▶ [Material provided]:

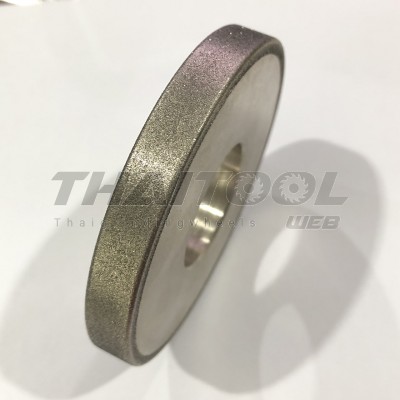หินเพชรชุป 80x10 mm. 1A1 SDC200 เจียรคาร์ไบด์ งานอโลหะ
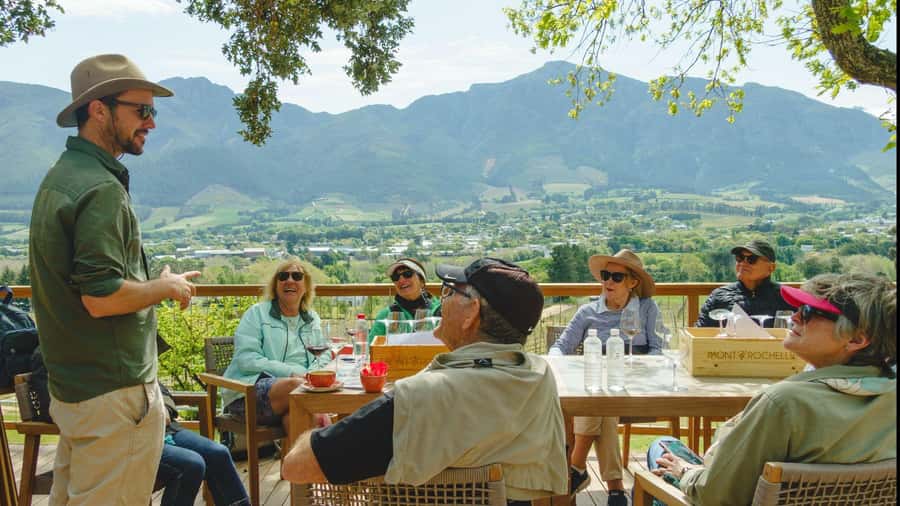 Franschhoek: An enchanting storytelling walk to 3 wine farms - Starting at the Dutch Reformed Church, then stepping into Franschhoek’s mood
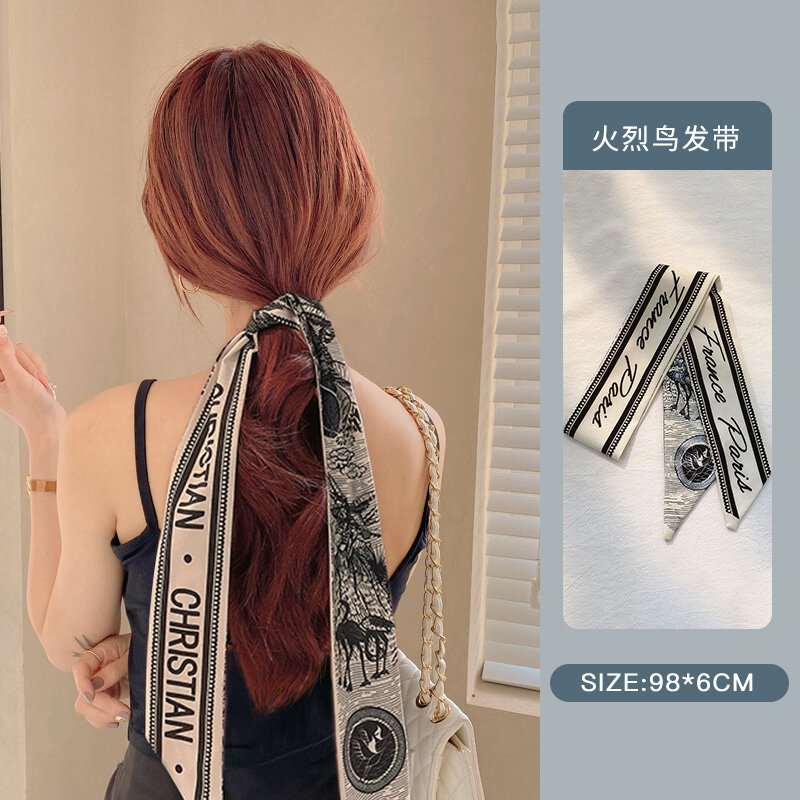 Korean Style Silk Headband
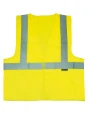 Fluo vestjes KORNTEX Safety Vest with 3 Reflective Tapes voor bedrukking &amp; borduring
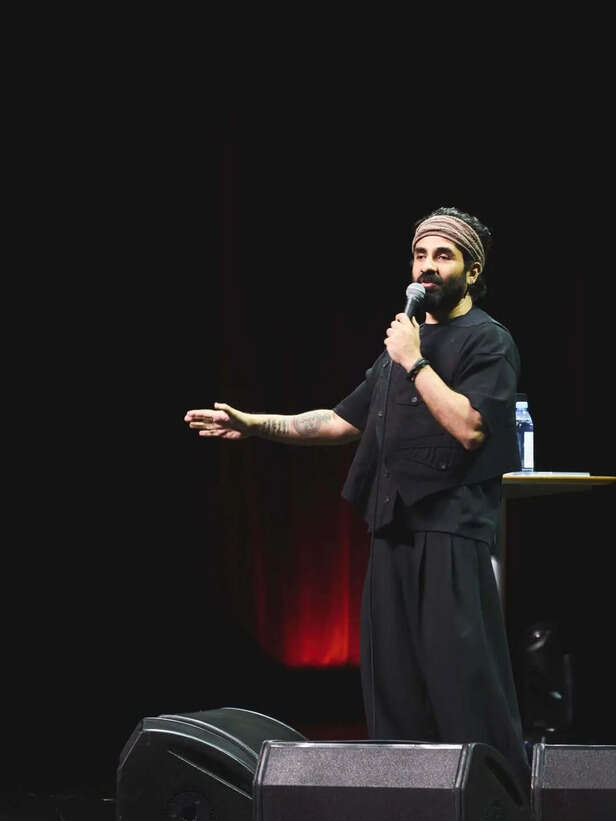 ​More than Just Jokes : How stand-up comedians are mixing humor with reality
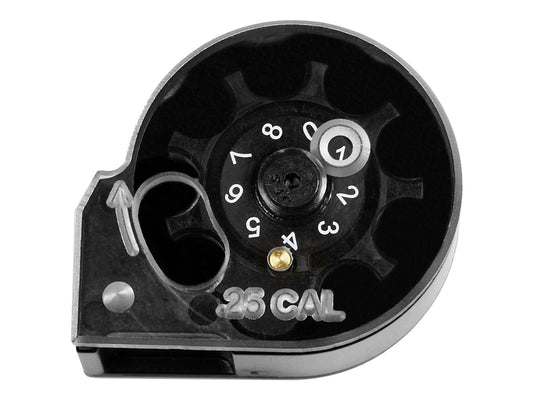 Umarex Gauntlet PCP Air Rifle Mag, .25Cal, 8rds — image 1
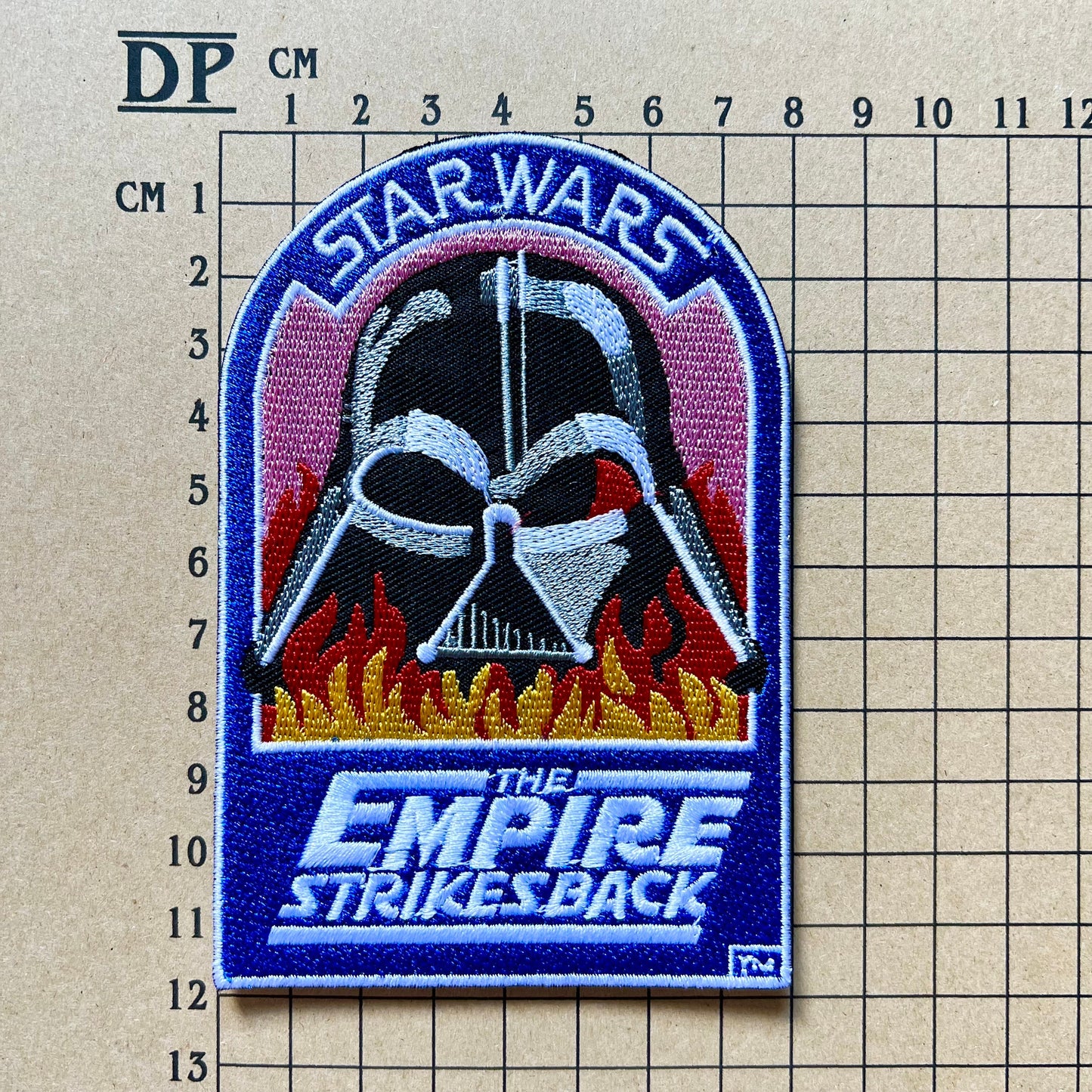 Star Wars The Empire Strikes Back Crew Embroidered Patch Iron On Sew Badge DIY Prop Jacket Costume Uniform Film R2D2 C3PO Luke Skywalker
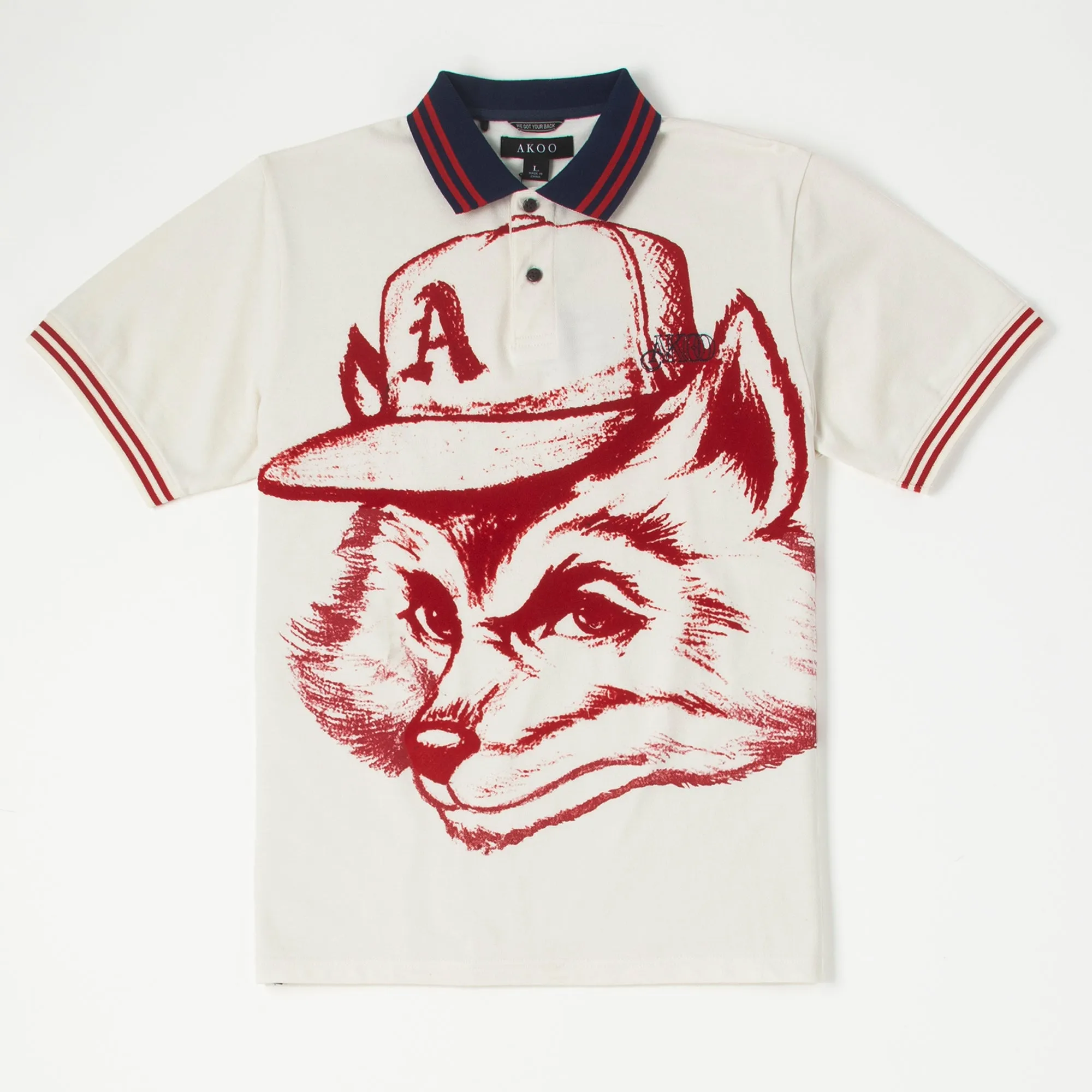 King SS Polo sold by Akoo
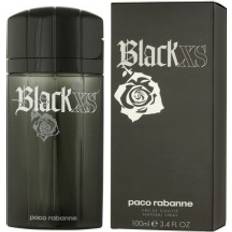 Paco Rabanne Eau de Toilette Paco Rabanne Herre Parfyme EDT Black Xs 100 ml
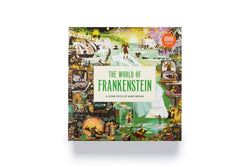 Laurence King Puzzles: Jigsaw Puzzle - 1000 Pieces - The World of - Frankenstein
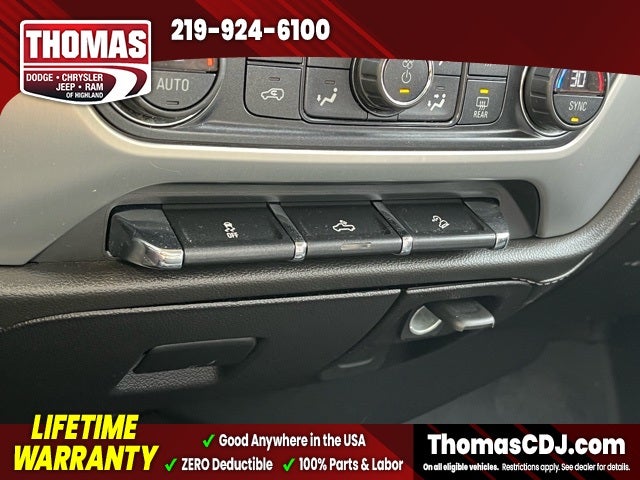 2016 GMC Sierra 1500 SLE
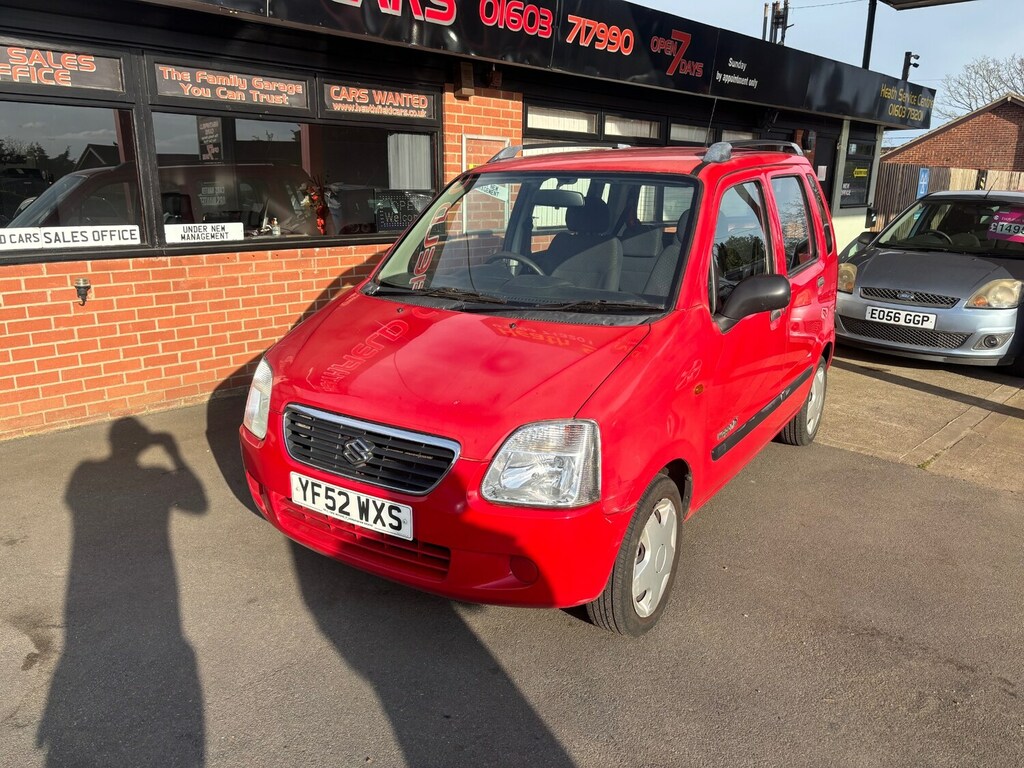 Suzuki Wagon R 1.3 Gl Red #2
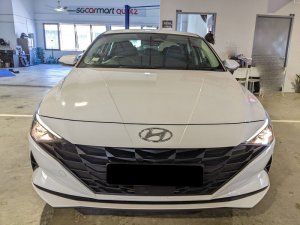 Hyundai Cn7 Avante 1.6 Dohc Cvt S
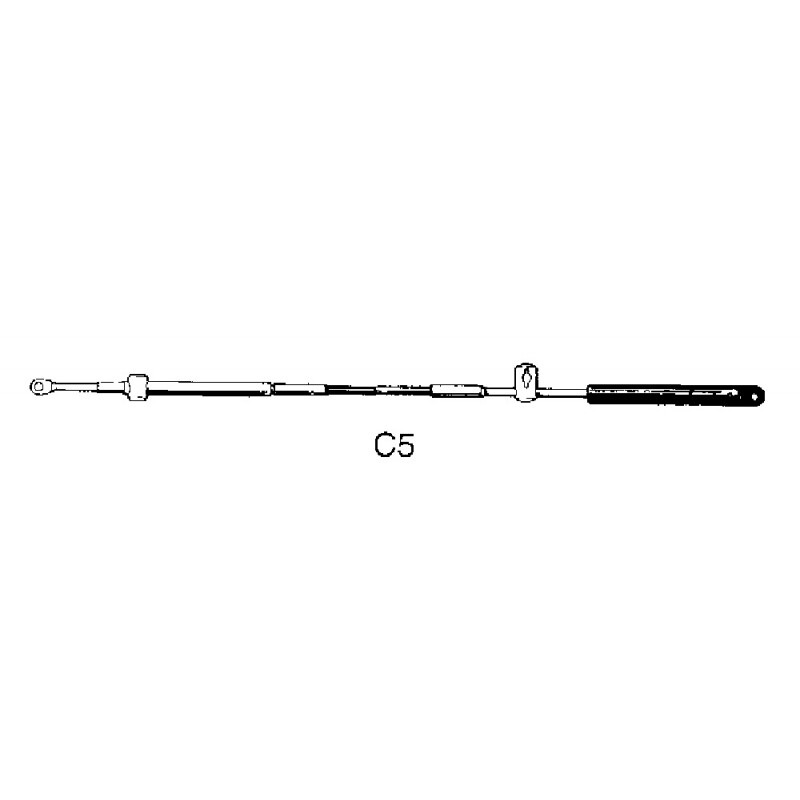 ULTRAFLEX CAVI TELECOMANDO C5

▶ [Required action]: Your copy must hold exactly the lines from the one with "Suzuki Wagon R 1.3 Gl Red #2" to the end of the records above, both included, and no pictures.

▶ [Task answer]:
 Suzuki Wagon R 1.3 Gl Red #2
 Hyundai Cn7 Avante 1.6 Dohc Cvt S
 ULTRAFLEX CAVI TELECOMANDO C5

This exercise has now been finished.